[Opening RECORDS FOR THE TASK section]
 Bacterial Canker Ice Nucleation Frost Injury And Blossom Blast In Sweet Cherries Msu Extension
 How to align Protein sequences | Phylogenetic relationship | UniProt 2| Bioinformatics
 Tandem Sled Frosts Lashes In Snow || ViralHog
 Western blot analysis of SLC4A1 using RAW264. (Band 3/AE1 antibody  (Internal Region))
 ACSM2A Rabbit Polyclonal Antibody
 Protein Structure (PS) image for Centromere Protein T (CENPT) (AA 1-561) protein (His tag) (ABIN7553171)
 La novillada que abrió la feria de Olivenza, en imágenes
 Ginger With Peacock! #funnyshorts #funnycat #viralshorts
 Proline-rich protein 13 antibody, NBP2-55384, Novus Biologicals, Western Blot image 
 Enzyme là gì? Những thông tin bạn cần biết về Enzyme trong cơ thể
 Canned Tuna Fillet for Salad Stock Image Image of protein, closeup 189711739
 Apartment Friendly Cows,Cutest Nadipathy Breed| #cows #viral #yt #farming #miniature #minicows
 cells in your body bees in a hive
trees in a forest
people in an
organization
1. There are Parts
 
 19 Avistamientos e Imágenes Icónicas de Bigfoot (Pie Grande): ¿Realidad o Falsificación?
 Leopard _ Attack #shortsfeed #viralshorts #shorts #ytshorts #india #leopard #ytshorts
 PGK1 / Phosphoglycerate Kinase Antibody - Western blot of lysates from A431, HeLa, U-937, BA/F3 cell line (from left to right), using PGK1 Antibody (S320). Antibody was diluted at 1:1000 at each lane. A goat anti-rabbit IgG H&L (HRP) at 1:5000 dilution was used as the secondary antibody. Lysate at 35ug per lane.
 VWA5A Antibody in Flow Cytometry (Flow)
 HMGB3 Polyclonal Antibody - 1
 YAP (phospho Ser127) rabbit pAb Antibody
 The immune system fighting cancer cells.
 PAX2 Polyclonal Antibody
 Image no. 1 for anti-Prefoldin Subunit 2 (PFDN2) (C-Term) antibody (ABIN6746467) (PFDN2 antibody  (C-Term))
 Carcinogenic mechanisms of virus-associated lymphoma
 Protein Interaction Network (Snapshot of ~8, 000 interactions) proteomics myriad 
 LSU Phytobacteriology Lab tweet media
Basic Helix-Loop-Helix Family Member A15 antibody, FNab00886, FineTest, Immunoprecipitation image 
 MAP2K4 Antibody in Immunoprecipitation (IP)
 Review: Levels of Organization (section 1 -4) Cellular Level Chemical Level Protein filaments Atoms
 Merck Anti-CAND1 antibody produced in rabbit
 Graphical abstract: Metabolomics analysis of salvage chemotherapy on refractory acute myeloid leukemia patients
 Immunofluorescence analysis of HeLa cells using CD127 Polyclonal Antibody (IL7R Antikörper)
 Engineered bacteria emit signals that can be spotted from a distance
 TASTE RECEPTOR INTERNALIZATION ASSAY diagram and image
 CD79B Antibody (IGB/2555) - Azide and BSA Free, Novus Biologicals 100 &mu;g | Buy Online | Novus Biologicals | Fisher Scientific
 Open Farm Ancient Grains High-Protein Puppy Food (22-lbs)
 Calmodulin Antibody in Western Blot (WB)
[Closing RECORDS FOR THE TASK section]
## TASK DETAILS
Every record, restated word for word, should make up your reply.

## YOUR SOLUTION
 Bacterial Canker Ice Nucleation Frost Injury And Blossom Blast In Sweet Cherries Msu Extension
 How to align Protein sequences | Phylogenetic relationship | UniProt 2| Bioinformatics
 Tandem Sled Frosts Lashes In Snow || ViralHog
 Western blot analysis of SLC4A1 using RAW264. (Band 3/AE1 antibody  (Internal Region))
 ACSM2A Rabbit Polyclonal Antibody
 Protein Structure (PS) image for Centromere Protein T (CENPT) (AA 1-561) protein (His tag) (ABIN7553171)
 La novillada que abrió la feria de Olivenza, en imágenes
 Ginger With Peacock! #funnyshorts #funnycat #viralshorts
 Proline-rich protein 13 antibody, NBP2-55384, Novus Biologicals, Western Blot image 
 Enzyme là gì? Những thông tin bạn cần biết về Enzyme trong cơ thể
 Canned Tuna Fillet for Salad Stock Image Image of protein, closeup 189711739
 Apartment Friendly Cows,Cutest Nadipathy Breed| #cows #viral #yt #farming #miniature #minicows
 cells in your body bees in a hive
trees in a forest
people in an
organization
1. There are Parts
 
 19 Avistamientos e Imágenes Icónicas de Bigfoot (Pie Grande): ¿Realidad o Falsificación?
 Leopard _ Attack #shortsfeed #viralshorts #shorts #ytshorts #india #leopard #ytshorts
 PGK1 / Phosphoglycerate Kinase Antibody - Western blot of lysates from A431, HeLa, U-937, BA/F3 cell line (from left to right), using PGK1 Antibody (S320). Antibody was diluted at 1:1000 at each lane. A goat anti-rabbit IgG H&L (HRP) at 1:5000 dilution was used as the secondary antibody. Lysate at 35ug per lane.
 VWA5A Antibody in Flow Cytometry (Flow)
 HMGB3 Polyclonal Antibody - 1
 YAP (phospho Ser127) rabbit pAb Antibody
 The immune system fighting cancer cells.
 PAX2 Polyclonal Antibody
 Image no. 1 for anti-Prefoldin Subunit 2 (PFDN2) (C-Term) antibody (ABIN6746467) (PFDN2 antibody  (C-Term))
 Carcinogenic mechanisms of virus-associated lymphoma
 Protein Interaction Network (Snapshot of ~8, 000 interactions) proteomics myriad 
 LSU Phytobacteriology Lab tweet media
Basic Helix-Loop-Helix Family Member A15 antibody, FNab00886, FineTest, Immunoprecipitation image 
 MAP2K4 Antibody in Immunoprecipitation (IP)
 Review: Levels of Organization (section 1 -4) Cellular Level Chemical Level Protein filaments Atoms
 Merck Anti-CAND1 antibody produced in rabbit
 Graphical abstract: Metabolomics analysis of salvage chemotherapy on refractory acute myeloid leukemia patients
 Immunofluorescence analysis of HeLa cells using CD127 Polyclonal Antibody (IL7R Antikörper)
 Engineered bacteria emit signals that can be spotted from a distance
 TASTE RECEPTOR INTERNALIZATION ASSAY diagram and image
 CD79B Antibody (IGB/2555) - Azide and BSA Free, Novus Biologicals 100 &mu;g | Buy Online | Novus Biologicals | Fisher Scientific
 Open Farm Ancient Grains High-Protein Puppy Food (22-lbs)
 Calmodulin Antibody in Western Blot (WB)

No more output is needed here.